= Work to be completed =
For the entries below, print exactly the lines between the line holding "De Los Muertos" and the line holding "DMJBeanie Roman Atwood", inclusive, and nothing else.

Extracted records

****************************************

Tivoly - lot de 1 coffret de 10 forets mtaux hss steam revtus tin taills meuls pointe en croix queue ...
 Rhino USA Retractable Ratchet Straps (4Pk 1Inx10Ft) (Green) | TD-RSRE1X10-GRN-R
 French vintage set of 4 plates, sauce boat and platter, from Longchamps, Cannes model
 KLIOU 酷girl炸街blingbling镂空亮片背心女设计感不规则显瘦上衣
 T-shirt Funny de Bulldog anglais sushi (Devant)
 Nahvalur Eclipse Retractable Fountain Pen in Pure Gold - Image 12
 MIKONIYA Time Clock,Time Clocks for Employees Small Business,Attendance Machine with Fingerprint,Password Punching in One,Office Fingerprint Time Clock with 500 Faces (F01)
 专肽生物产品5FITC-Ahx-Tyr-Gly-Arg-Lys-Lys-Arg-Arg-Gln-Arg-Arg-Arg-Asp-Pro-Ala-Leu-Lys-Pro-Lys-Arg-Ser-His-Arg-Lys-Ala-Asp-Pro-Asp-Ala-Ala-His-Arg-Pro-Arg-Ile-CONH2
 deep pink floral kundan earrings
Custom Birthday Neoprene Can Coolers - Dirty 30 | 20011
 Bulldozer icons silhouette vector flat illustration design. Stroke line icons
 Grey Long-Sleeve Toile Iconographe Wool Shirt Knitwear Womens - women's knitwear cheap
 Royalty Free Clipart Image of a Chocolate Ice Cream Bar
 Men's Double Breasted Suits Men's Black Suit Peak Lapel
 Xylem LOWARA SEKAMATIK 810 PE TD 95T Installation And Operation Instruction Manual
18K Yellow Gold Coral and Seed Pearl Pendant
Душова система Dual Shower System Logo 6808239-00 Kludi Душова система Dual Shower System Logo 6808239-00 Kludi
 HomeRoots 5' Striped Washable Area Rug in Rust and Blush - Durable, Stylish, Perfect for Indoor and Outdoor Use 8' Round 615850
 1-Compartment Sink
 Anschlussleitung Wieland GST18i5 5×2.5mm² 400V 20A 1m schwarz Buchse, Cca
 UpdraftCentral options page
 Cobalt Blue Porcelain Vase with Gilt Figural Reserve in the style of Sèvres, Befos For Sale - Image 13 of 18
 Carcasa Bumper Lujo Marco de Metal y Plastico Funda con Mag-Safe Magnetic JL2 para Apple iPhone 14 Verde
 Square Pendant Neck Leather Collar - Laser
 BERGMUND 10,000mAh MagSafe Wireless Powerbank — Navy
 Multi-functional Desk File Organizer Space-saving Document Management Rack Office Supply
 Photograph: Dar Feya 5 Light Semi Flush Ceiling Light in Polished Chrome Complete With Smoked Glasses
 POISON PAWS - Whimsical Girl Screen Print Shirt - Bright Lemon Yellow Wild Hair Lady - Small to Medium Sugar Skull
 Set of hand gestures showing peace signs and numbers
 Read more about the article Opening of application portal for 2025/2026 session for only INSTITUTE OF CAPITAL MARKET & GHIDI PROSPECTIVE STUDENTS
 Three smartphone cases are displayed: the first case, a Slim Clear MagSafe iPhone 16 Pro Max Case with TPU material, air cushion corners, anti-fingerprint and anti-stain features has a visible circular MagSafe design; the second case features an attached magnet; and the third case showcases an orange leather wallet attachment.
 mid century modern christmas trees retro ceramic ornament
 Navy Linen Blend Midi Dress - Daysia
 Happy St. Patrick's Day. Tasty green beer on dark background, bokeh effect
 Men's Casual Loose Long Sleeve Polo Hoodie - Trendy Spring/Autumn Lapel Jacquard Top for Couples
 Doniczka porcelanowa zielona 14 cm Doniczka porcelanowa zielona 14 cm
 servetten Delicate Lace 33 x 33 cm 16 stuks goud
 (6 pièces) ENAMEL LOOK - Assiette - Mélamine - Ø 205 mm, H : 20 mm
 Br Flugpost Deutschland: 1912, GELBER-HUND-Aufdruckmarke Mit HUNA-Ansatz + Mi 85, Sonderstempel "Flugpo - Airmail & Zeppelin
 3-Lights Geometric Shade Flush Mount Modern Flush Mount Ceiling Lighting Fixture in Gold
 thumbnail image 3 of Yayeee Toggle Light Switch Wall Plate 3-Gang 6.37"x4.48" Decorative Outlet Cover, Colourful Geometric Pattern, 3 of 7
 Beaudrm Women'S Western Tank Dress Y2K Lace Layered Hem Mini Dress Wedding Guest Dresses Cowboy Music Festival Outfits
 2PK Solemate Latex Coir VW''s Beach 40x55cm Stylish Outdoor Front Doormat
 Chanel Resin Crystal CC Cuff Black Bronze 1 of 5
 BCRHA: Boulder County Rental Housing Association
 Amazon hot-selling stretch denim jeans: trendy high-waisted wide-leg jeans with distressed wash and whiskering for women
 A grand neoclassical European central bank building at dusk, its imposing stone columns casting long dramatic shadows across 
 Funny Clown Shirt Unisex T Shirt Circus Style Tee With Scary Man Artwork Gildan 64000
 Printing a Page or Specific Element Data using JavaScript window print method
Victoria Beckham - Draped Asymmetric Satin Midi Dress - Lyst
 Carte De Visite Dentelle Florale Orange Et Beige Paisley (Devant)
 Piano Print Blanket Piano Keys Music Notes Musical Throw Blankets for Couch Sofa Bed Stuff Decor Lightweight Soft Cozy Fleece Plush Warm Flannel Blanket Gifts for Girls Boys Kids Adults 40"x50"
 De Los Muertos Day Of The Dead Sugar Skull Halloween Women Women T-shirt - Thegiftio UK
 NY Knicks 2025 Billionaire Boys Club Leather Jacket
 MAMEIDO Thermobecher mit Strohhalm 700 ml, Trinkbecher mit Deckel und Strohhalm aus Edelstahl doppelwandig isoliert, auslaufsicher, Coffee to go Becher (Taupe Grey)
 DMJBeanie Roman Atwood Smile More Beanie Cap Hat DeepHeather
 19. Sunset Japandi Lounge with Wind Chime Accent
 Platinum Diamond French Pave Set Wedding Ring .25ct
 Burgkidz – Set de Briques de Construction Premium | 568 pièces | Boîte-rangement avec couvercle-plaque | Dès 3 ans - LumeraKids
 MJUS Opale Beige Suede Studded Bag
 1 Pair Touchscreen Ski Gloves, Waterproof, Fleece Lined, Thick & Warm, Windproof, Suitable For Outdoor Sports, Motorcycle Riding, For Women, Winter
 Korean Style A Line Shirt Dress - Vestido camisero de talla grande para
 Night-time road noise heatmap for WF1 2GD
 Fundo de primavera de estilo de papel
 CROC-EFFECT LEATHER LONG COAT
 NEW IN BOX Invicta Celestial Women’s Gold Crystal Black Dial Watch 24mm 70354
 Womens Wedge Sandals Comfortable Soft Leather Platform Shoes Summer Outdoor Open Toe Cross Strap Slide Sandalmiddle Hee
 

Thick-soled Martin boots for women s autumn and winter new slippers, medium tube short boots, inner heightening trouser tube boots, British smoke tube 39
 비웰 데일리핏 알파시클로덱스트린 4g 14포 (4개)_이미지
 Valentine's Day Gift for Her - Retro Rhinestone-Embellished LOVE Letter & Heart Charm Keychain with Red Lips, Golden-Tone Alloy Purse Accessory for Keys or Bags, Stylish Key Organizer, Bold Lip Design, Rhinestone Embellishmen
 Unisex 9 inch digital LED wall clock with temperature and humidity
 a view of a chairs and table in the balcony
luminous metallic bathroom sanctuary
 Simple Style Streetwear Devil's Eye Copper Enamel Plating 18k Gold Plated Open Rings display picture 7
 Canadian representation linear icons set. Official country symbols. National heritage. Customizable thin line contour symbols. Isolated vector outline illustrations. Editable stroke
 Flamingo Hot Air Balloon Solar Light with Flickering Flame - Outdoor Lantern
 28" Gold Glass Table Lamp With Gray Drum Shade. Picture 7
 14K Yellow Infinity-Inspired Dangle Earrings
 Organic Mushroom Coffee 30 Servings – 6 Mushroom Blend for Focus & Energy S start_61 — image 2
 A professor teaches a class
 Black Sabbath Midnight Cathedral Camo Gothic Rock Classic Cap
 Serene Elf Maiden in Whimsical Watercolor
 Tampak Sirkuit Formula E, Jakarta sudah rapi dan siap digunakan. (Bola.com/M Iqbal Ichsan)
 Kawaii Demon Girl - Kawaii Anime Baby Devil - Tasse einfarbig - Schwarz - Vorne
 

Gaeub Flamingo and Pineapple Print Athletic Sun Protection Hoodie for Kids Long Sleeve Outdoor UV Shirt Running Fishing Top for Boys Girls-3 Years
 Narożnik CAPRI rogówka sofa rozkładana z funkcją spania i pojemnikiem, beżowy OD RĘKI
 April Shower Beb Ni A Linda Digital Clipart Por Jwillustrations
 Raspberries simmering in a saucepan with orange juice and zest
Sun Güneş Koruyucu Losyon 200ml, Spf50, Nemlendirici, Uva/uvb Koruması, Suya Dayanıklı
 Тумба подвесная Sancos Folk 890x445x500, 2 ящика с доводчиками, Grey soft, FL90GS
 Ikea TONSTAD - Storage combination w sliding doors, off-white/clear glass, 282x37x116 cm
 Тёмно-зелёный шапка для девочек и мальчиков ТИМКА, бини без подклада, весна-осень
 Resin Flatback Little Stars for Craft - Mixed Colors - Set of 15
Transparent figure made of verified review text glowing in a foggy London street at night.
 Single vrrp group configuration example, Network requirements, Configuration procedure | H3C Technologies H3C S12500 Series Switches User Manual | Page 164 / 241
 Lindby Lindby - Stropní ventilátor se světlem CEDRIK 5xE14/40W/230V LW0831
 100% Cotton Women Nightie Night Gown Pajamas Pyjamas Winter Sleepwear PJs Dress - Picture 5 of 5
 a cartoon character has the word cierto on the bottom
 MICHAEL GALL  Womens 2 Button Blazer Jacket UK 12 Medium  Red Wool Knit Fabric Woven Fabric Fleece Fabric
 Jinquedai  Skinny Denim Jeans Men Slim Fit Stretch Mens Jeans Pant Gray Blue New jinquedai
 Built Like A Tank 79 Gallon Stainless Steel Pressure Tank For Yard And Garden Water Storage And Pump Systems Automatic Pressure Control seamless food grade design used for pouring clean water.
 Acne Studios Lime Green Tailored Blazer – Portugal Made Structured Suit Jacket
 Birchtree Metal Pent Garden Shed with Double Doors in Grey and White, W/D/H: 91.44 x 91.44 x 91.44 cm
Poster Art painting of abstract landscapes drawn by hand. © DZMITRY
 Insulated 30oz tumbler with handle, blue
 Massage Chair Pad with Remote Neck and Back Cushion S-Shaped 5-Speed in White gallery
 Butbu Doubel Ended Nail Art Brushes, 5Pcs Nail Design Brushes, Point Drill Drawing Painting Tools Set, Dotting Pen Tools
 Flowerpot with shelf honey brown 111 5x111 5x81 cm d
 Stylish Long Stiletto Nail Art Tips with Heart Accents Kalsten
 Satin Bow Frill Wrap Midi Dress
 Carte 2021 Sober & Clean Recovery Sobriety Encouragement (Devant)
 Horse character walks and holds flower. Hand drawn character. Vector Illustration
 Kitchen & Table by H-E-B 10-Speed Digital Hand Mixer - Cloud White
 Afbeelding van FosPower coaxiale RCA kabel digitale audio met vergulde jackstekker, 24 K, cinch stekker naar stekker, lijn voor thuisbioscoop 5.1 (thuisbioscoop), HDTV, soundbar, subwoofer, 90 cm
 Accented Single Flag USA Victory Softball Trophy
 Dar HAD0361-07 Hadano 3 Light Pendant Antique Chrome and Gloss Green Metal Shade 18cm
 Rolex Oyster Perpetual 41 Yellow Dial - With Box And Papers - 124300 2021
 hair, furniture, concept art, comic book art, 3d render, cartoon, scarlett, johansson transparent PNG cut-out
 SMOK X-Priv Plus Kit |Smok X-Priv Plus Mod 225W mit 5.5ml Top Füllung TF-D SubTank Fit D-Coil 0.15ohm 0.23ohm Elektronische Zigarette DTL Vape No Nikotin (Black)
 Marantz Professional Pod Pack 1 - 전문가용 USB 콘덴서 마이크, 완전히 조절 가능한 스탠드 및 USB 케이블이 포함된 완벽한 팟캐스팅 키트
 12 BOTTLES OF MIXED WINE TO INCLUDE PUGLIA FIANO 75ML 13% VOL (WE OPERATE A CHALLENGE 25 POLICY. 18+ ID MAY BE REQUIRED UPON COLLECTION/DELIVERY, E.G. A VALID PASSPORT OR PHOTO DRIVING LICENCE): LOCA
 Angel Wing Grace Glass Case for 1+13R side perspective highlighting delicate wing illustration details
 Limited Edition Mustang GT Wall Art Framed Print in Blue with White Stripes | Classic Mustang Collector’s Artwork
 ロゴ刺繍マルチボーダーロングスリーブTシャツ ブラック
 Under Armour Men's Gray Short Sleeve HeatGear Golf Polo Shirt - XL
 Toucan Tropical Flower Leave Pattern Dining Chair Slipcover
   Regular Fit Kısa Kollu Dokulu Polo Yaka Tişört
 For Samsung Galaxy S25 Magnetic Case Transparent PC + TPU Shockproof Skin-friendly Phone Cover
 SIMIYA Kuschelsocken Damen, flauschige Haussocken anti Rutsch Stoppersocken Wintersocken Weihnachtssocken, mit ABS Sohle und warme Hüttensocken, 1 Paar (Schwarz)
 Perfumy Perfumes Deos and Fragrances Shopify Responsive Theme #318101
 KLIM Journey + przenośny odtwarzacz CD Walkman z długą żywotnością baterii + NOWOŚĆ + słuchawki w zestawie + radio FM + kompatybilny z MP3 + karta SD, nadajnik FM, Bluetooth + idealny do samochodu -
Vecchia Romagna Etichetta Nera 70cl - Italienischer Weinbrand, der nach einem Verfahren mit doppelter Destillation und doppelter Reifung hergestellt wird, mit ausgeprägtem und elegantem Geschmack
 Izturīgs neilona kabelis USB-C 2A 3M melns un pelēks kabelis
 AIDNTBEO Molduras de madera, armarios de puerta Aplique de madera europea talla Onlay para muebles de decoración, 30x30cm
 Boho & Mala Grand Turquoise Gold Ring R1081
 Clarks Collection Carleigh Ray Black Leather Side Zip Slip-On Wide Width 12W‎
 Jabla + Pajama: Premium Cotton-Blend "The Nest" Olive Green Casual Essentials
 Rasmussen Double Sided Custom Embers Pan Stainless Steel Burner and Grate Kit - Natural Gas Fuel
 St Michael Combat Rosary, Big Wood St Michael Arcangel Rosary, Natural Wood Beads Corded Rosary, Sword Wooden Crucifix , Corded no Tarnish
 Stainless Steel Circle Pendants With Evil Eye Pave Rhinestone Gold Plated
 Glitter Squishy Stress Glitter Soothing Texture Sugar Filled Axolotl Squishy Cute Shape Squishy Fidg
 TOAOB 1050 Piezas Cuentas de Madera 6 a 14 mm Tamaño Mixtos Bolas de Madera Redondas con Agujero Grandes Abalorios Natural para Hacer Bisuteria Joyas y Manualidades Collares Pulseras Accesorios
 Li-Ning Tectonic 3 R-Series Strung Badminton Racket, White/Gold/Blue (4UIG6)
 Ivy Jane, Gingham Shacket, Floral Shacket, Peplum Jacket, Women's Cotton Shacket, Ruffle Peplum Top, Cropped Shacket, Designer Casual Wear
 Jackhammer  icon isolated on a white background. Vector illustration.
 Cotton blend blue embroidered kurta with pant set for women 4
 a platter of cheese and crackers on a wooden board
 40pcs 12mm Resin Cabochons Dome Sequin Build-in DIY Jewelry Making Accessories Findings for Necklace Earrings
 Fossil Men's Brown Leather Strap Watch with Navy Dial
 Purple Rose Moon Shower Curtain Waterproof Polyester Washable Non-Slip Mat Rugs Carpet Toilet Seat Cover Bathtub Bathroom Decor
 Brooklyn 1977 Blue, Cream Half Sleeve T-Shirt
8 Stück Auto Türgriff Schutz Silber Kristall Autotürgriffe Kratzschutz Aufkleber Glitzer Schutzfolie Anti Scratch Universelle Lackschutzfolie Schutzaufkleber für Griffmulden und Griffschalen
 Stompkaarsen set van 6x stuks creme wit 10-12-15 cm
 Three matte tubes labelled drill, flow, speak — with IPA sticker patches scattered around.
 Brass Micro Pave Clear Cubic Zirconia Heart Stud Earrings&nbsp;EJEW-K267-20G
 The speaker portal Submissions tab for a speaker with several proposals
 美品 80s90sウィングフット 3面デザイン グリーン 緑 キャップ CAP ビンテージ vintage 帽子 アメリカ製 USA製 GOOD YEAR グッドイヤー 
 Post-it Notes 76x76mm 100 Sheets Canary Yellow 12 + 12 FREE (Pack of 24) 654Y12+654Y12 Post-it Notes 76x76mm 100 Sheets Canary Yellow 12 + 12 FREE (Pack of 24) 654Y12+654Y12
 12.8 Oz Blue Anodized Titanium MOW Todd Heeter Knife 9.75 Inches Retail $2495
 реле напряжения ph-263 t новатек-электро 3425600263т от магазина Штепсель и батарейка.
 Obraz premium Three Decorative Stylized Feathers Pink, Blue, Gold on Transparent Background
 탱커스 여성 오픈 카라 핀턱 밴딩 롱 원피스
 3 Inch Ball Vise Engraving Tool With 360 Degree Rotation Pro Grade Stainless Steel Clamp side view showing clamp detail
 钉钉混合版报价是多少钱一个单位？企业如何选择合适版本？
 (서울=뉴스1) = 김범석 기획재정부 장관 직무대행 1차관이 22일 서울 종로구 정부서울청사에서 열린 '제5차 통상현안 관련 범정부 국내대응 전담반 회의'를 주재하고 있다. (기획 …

****************************************

= Task answer =
 De Los Muertos Day Of The Dead Sugar Skull Halloween Women Women T-shirt - Thegiftio UK
 NY Knicks 2025 Billionaire Boys Club Leather Jacket
 MAMEIDO Thermobecher mit Strohhalm 700 ml, Trinkbecher mit Deckel und Strohhalm aus Edelstahl doppelwandig isoliert, auslaufsicher, Coffee to go Becher (Taupe Grey)
 DMJBeanie Roman Atwood Smile More Beanie Cap Hat DeepHeather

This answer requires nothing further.